Many writers are familiar with the long-standing debate over whether character or plot is more important. If you’re into Greek philosophers, Aristotle believed that, when speaking of tragedy, plot is more important and character is secondary. Others, who are not Aristotle, argue that character is the most important. What is the answer? It’s a trick question, of course. There is no right answer.
As someone who reads and writes literary fiction, I place more importance on characters. If I love the character, I’ll follow them anywhere. If I don’t, I’m not so sure I care too much about what’s happening to them. As a writer, I place more importance on character since my stories live or die on the strength of my characters.
Not one reader has ever said to me, “I loved when that happened in the third chapter.” Readers say, “I love James and Sarah” or “I was surprised by Jonathan.” Perhaps you agree with Aristotle that plot is more important since to you it doesn’t matter how interesting the people are if their problems are boring. I would venture a guess that the best stories have a good combination of both fascinating characters and intriguing plots.
The Plot Trap
Plot-first thinking feels organized, as if you as the author know exactly what you’re doing. You know what happens so you have a story. A detective is framed for the murder he’s investigating. A group of strangers must survive after their plane goes down in the wilderness. That’s a story. The problem is that these ideas aren’t stories; they’re situations, which can be useful starting points, but they aren’t stories.
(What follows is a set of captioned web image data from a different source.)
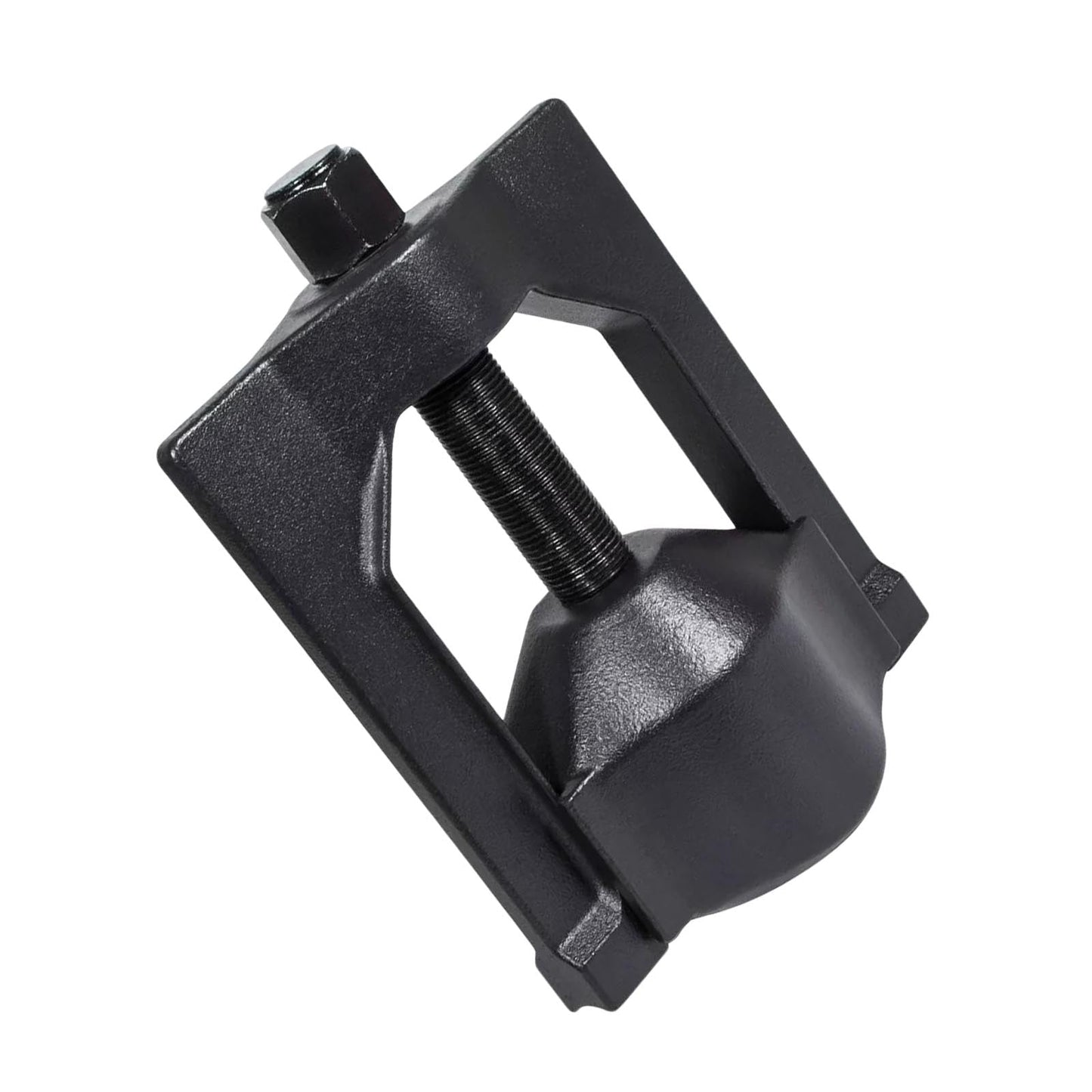 10102 HD Universal Joint Puller Suitable For Rockwell Meritor Spicer Class 6 & 8-4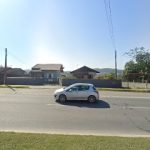 Imagem ilustrativa da empresa EIXOSUL CAÇAMBAS Locação de Caçambas em Joinville - SC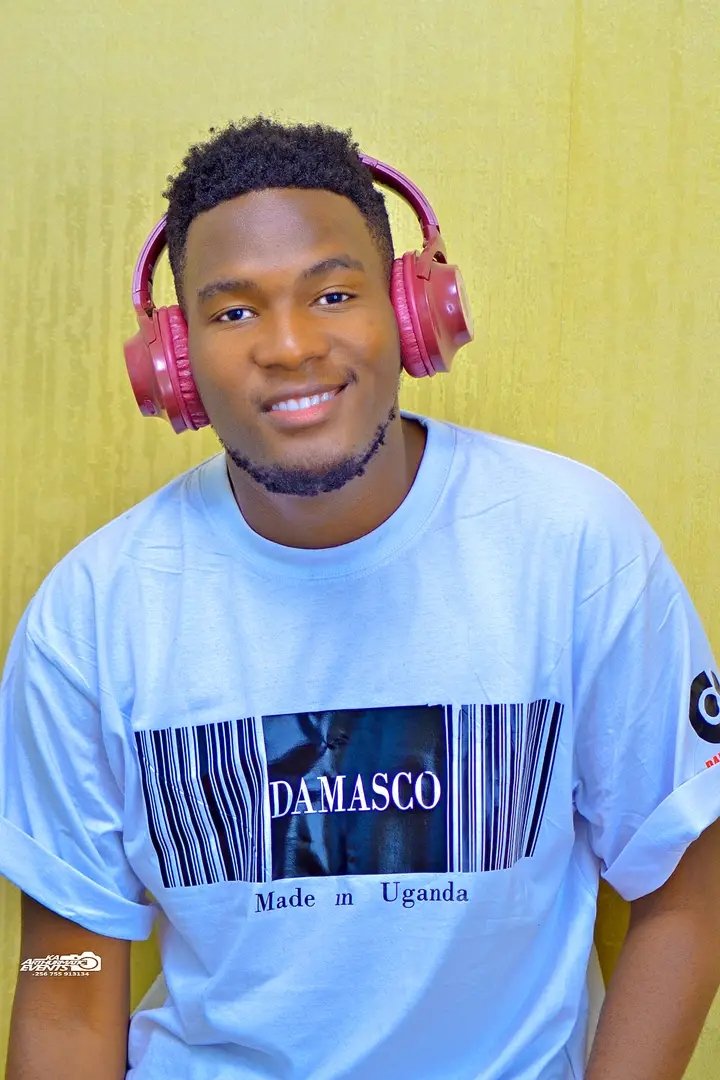 damasco48being's tweet photo. Wea I am today, I still have my ups and downs, but I take it one day at a time and I just hope that I can be the Best that I can  possibly be, not only for myself, but also the young people that are out there today that need someone to look up to. https://t.co/z1vb5GvPXv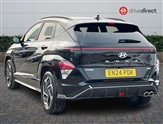 Hyundai Kona Image 5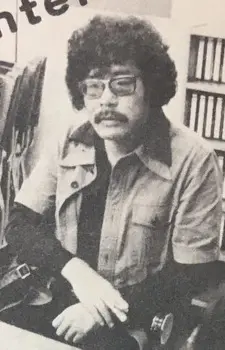 Seitarou Hara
The situations become stories when we care about the specific people living through them.
Think of a plot you love from a book or film. Now imagine that same plot happening to completely different characters who don’t have any particular quirks or contradictions or desires. Does the story still work? Most likely, it doesn’t because the plot is just a situation we don’t particularly care about.
What Character First Actually Means
Putting character first doesn’t mean you abandon plot or that your story can wander away without structure or purpose. Just because some literary fiction is experimental, the reality is that many literary works still have meaningful plots. The difference is that in literary fiction, the events of your story grow out of your characters, including their fears, mistakes, and desires. In a plot-driven story, things happen to the characters, but in a character-driven story things happen because of the characters. See the difference?
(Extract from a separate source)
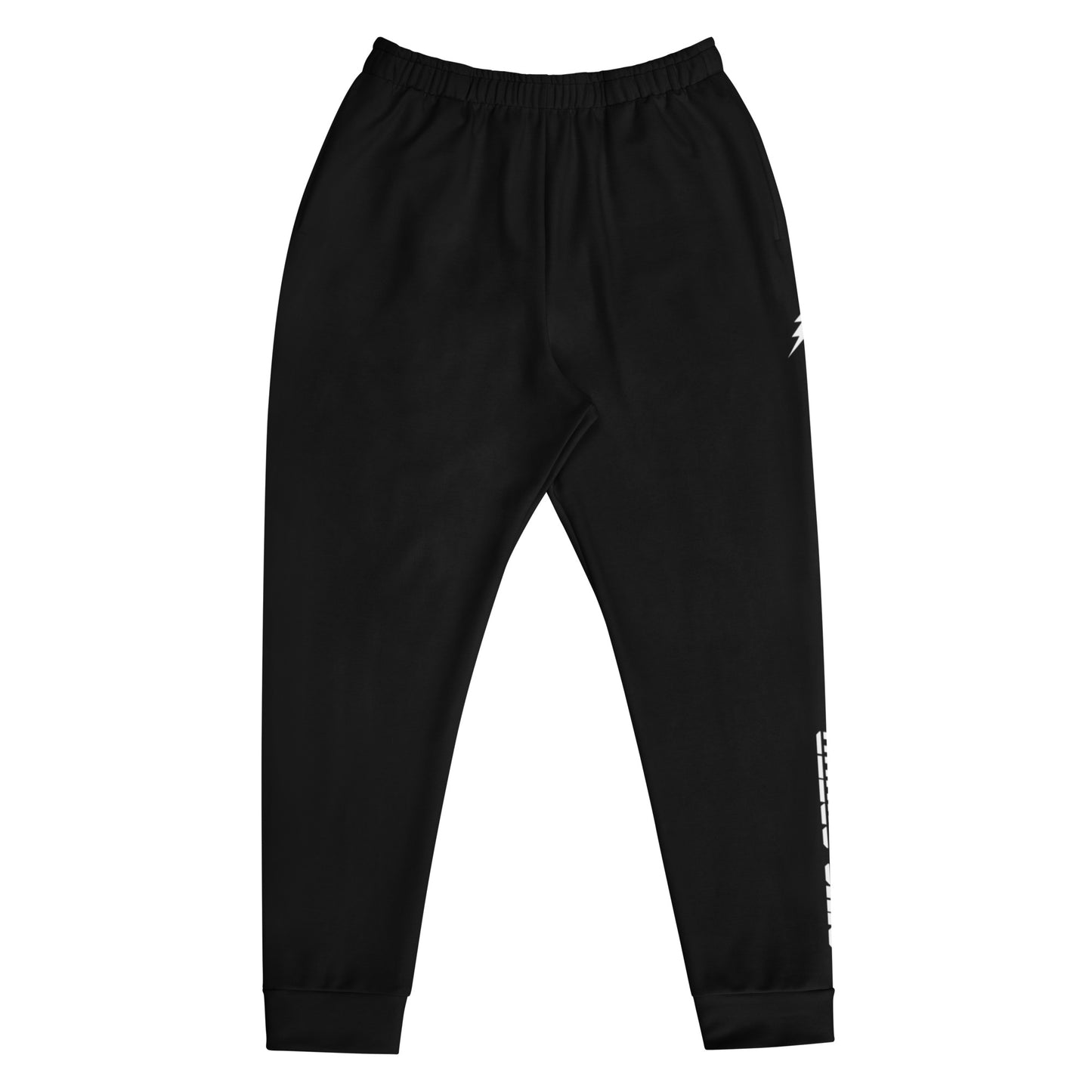 Ohio Speed Joggers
Plot-driven stories can be gripping, but they can leave us cold afterward since we didn’t live inside them alongside the characters. Character-driven stories are the ones that stick around when we still think about them days later. Plot should be a machine used to apply pressure to a character’s internal problem. Actors are taught to ask themselves, “What does my character want?” as a way to understand that character from the inside out. Writers should do the same. Outside events matter because they force the character to confront what they’ve been avoiding or to reveal something important. Choosing to do nothing is also a decision that reveals character.
But My Genre Requires a Strong Plot!
As the former executive editor of a literary journal, a writing mentor, and a long-time author myself, I’ve heard that a lot. And it’s true that there are some genres with high expectations as far as plot goes. And they’re not wrong to say that readers of these genres expect to be constantly propelled forward by high stakes and constant momentum.
I think it comes down to a matter of personal preference. I prefer to read novels that have stood the test of time. I mean the novels that people reread for decades. They are, almost without exception, the ones where the plot is in service of a character whose inner life we’re invested in.
A murder mystery is a puzzle, but the best mysteries are also a portrait of the characters involved. Agatha Christie understood plot better than most, but I love her Poirot novels because Poirot is fascinating. He’s fussy, impatient, melancholy, and yet perceptive in ways that confound those closest to him. Strip away Poirot and the puzzles become just puzzles. While they may be interesting puzzles, I can’t say that they would be worth reading about on their own.
The Practical Implication
Whenever I find myself stuck in the plot of my story, my problem is almost always the lack of deep characterization. If you’re writing something new and you find yourself stuck, ask yourself three main questions: what does your character want, what do they fear most, and what are they wrong about? Creating living characters in fiction isn’t about ascribing hair and eye color and adding a few personality quirks, although that can help on a superficial level.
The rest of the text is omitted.